Tohoshinki singles chronology
| "Something" (2014) | "Hide & Seek" / "Something" (2014) | "Spellbound" (2014) |

= Hide & Seek (TVXQ song) =

"Hide & Seek" is a song by South Korean pop duo Tohoshinki, taken from their seventh Japanese studio album, Tree (2014). Serving as Tohoshinki's's 40th Japanese single, the song was released as a double A-sided single with "Something" on February 5, 2014 by Avex Trax. The fourth and final single release for Tree, the single was released in three editions - a CD+DVD version, a CD only version, and a Bigeast Board edition.

The song served as the theme song for the Japanese television drama, Team Batista 4, which premiered on January 7, 2014. A restrained rock song with baritone vocal range, the producers of "Hide & Seek" have described the song to be Tohoshinki's "most intense" song to date. The song was released onto various radio stations across Japan on January 16, 2014.

"Hide & Seek" reached to number two on the Oricon Singles Chart and the Billboard Japan Hot 100. Within a week of its release, the single was certified gold by the Recording Industry Association of Japan (RIAJ) for shipments of over 100,000.

==Release and promotion==
"Hide & Seek" was announced in December 2013, and shipments were sent off on February 3, 2014. The single was released in three editions - Version A, a CD+DVD single, a CD only single, and a CD single exclusive to the members of Bigeast, Tohoshinki's official Japanese fan club. To promote the record, the single's cover art was printed on many public transportation vehicles around major cities in Japan.

==Chart performance==
On its first day of release, the physical single sold 74,040 copies, debuting at number two on the daily Oricon Singles Chart. "Hide & Seek" debuted at number three on the digital Recochoku, number six on iTunes, and number one on Mu Mu.
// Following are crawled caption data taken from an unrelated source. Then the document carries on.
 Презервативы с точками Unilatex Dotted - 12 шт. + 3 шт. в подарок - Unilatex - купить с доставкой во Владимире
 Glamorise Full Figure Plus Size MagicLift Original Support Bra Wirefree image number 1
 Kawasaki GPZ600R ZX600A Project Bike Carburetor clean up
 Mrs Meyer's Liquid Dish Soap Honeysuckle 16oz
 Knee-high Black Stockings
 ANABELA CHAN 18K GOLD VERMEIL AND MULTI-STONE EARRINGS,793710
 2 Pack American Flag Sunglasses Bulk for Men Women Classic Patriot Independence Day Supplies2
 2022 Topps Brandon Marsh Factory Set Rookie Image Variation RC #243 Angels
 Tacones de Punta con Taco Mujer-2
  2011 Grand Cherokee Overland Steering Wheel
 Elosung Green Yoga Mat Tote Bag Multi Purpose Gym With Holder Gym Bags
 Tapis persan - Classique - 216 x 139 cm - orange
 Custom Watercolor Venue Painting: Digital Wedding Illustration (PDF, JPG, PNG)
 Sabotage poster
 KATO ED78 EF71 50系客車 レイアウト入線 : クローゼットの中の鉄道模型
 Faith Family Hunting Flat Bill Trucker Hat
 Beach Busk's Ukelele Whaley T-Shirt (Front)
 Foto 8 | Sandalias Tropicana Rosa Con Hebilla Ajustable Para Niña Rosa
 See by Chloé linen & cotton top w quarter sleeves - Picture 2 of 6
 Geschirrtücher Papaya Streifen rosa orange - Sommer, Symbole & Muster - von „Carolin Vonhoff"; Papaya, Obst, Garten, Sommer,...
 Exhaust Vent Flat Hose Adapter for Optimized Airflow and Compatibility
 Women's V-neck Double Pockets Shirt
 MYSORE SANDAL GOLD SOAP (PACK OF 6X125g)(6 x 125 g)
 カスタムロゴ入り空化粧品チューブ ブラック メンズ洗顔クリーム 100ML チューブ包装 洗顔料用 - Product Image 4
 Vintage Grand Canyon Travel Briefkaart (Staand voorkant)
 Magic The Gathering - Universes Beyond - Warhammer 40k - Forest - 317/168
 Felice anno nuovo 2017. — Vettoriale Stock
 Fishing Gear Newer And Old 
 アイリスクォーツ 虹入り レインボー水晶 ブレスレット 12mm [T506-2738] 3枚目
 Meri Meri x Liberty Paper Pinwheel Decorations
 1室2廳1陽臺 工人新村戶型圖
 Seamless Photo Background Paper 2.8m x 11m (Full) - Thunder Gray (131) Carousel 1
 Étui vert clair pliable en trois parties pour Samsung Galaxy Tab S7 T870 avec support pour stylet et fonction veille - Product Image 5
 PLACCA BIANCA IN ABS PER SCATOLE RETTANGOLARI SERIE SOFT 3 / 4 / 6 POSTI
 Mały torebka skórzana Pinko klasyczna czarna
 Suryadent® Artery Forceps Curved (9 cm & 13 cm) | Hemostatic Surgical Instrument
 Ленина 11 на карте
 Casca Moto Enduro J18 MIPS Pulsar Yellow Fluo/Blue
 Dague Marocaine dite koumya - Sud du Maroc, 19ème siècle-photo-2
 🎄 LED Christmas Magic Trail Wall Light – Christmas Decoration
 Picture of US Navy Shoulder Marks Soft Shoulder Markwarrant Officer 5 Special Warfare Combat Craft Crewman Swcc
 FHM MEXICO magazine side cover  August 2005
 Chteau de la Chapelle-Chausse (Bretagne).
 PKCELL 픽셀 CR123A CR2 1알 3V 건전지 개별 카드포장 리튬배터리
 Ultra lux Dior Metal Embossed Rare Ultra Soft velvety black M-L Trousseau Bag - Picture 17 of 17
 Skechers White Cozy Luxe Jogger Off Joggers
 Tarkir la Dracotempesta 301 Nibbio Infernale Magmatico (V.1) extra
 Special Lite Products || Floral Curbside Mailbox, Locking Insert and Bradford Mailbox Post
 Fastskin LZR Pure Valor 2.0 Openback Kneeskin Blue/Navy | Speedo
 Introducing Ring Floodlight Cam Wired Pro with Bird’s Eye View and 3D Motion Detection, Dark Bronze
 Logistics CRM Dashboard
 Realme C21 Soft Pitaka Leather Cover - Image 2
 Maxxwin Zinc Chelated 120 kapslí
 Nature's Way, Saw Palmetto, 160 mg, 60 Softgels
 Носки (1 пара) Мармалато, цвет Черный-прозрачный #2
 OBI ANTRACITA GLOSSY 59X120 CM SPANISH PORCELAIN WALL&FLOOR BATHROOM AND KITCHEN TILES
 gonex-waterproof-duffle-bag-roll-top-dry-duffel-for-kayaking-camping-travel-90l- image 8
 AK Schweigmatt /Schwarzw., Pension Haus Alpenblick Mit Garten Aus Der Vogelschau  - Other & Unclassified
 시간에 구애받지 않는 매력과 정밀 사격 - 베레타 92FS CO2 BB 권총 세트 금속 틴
It debuted at number two on the weekly Oricon Singles Chart and the Billboard Japan Hot 100. "Hide & Seek" peaked at number 47 on the Billboard Japan Adult Contemporary Airplay and number 22 on the Billboard Japan Hot Top Airplay.

==Formats and track listings==

- Japanese digital download EP
1. "Hide & Seek" – 5:18
2. "Something" (Japanese version) – 4:01
3. "Hide & Seek" (Markus Bøgelund's Audio Ninja Remix) – 4:51
4. "Hide & Seek" (Less Vocal) – 5:18
5. "Something" (Less Vocal) – 4:01

- Japanese CD+DVD single AVCK-79187/B
Disc 1 (CD)
1. "Hide & Seek"
2. "Something" (Japanese version)
3. "Hide & Seek" (Less Vocal)
4. "Something" (Less Vocal)
Disc 2 (DVD)
1. "Something" (Video Clip)
2. Off Shot Movie (First Press Limited Edition only)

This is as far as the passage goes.